Is it boycotting Korean culture?

South Korea's aversion to Japan is booming again

Japan is removing South Korea from its list of preferred trading partners, while South Koreans are boycotting Japanese products. The economic consequences are manageable, but the dispute has torn historic wounds in Korea.

When 13-year-old Korean Kim Jeong Ju boarded a ferry to Japan in 1944, she hoped to see her siblings again and finish school. Instead, she was put in a barbed wire-fenced factory in Toyama City, where she had to operate heavy machinery for ten hours a day. ”I was forced to work against my free will. I was no better than a slave, ”says the 88-year-old. When she testifies of her experience, the constant hunger and intimidation of the factory managers, she bursts into tears. 74 years after the end of World War II, Ms.

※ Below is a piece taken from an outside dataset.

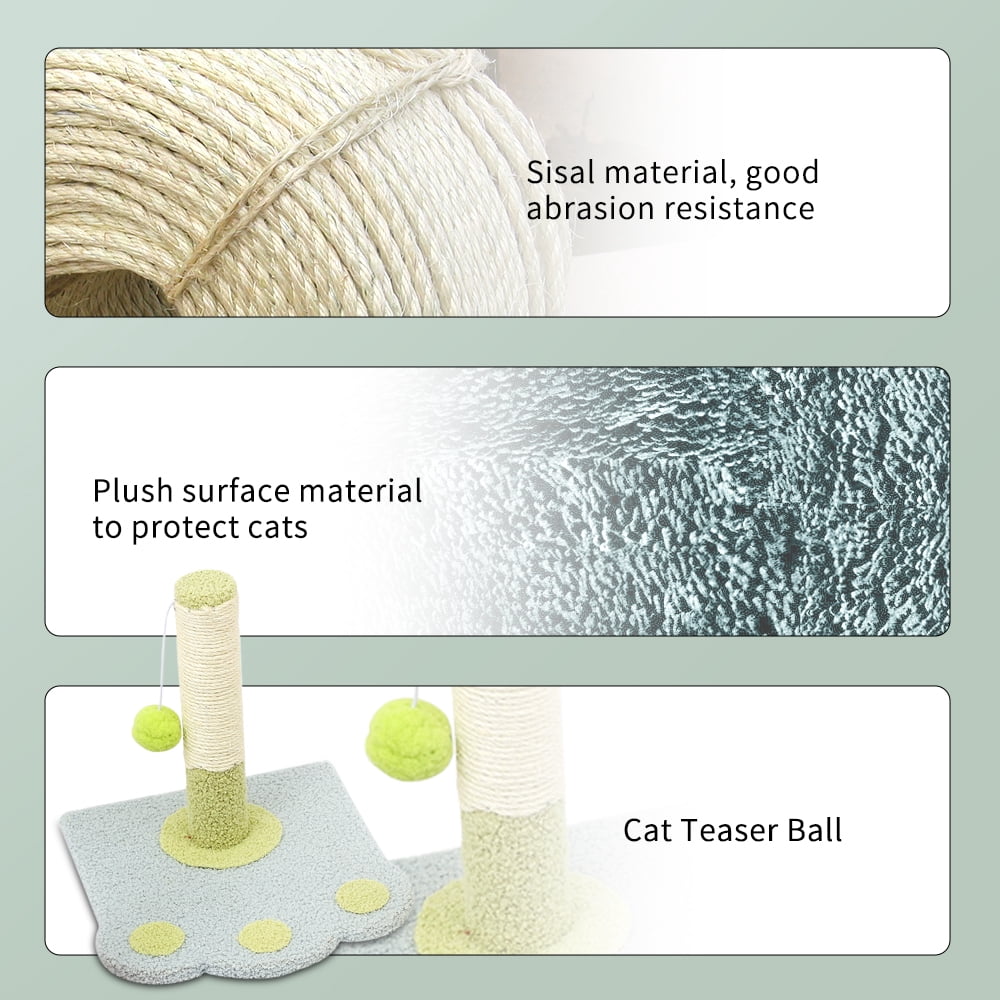Circulating Cat Water Fountain + Scratching Tower, Ultra Quiet Drinking Dispenser with Ripple Basin, Designed to Increase Hydration for Cats & Small Animals (2000ML)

Kim has still not found peace. «I need an apology from Japanese Prime Minister Shinzo Abe for my suffering. I've been waiting for the day for decades. "

Trade as a weapon

The fate of the Korean slave laborers under the Japanese occupation is at the center of the escalating trade dispute between the two neighbors. Last fall, the Seoul Supreme Court sentenced a Japanese company to pay compensation to four former slave laborers. In political retaliation, the Japanese government removed South Korea from its list of preferred trading partners on August 2. A month earlier, Tokyo had tightened its export regulations to Seoul for three chemicals - materials that are essential for the manufacture of semiconductors and flat screens. In South Korea this was seen as a direct attack on the domestic economy: The semiconductor industry of the East Asian tiger state is the second largest in the world with a global market share of over 16 percent.

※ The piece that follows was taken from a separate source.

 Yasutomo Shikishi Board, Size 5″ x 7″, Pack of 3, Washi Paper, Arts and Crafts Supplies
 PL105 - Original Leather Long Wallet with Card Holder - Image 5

President Moon Jae In immediately called a crisis meeting and then stepped visibly angry in front of the television cameras. "I would like to point out that the Japanese government will be solely responsible for what happens in the future," said the left-wing politician with threatening pathos. Then he saluted the South Korean flag with his hand in front of his chest. The national anthem sounded in the background. He promised his compatriots that Korea would never again surrender to its neighboring country.

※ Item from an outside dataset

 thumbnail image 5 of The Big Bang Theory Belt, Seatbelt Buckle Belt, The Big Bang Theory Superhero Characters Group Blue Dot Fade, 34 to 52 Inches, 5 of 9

Demonstrations in front of the Japanese embassy

Anyone who wants to understand the emotionality of this conflict, which has been smoldering for decades, goes to the Japanese embassy in Seoul on any Wednesday afternoon: Hundreds of activists, high school students, television crews and riot police crowd the sidewalk of the street lined with glass towers. The crowd defies the summer monsoon with umbrellas, chants drown out the noise of taxis and moped suppliers.

Week after week, the demonstrators remember the atrocities of the colonial power Japan, which occupied the Korean peninsula between 1910 and 1945: for example, the suffering of the thousands upon thousands of "comfort women" who had to perform sexual services for Japanese soldiers in forced brothels under miserable conditions. The Japanese government has repeatedly apologized and expressed its remorse, but the left-wing demonstrators dismiss this as half-hearted and insincere.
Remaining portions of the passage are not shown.